*Your objective*: From the entries that follow, copy every line with the word "image".

Short web captions
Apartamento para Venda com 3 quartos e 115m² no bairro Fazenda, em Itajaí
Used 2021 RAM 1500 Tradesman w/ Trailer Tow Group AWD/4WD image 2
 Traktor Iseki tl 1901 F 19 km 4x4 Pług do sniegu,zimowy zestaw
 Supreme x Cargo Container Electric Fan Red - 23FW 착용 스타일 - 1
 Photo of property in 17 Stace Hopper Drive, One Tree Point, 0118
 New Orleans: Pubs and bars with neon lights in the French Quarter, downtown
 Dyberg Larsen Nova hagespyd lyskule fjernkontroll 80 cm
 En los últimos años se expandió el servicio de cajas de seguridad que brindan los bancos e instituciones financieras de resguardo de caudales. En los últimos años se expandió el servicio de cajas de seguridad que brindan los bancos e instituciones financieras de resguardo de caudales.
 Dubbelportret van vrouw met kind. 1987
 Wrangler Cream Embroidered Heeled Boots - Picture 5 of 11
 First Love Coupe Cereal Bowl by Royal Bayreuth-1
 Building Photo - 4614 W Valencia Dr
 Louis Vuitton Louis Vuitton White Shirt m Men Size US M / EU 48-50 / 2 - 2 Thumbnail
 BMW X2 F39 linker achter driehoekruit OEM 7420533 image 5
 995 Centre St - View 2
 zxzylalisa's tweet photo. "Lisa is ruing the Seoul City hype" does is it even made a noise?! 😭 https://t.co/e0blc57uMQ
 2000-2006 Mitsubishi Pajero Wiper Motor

*Solution for this task*:
Used 2021 RAM 1500 Tradesman w/ Trailer Tow Group AWD/4WD image 2
 BMW X2 F39 linker achter driehoekruit OEM 7420533 image 5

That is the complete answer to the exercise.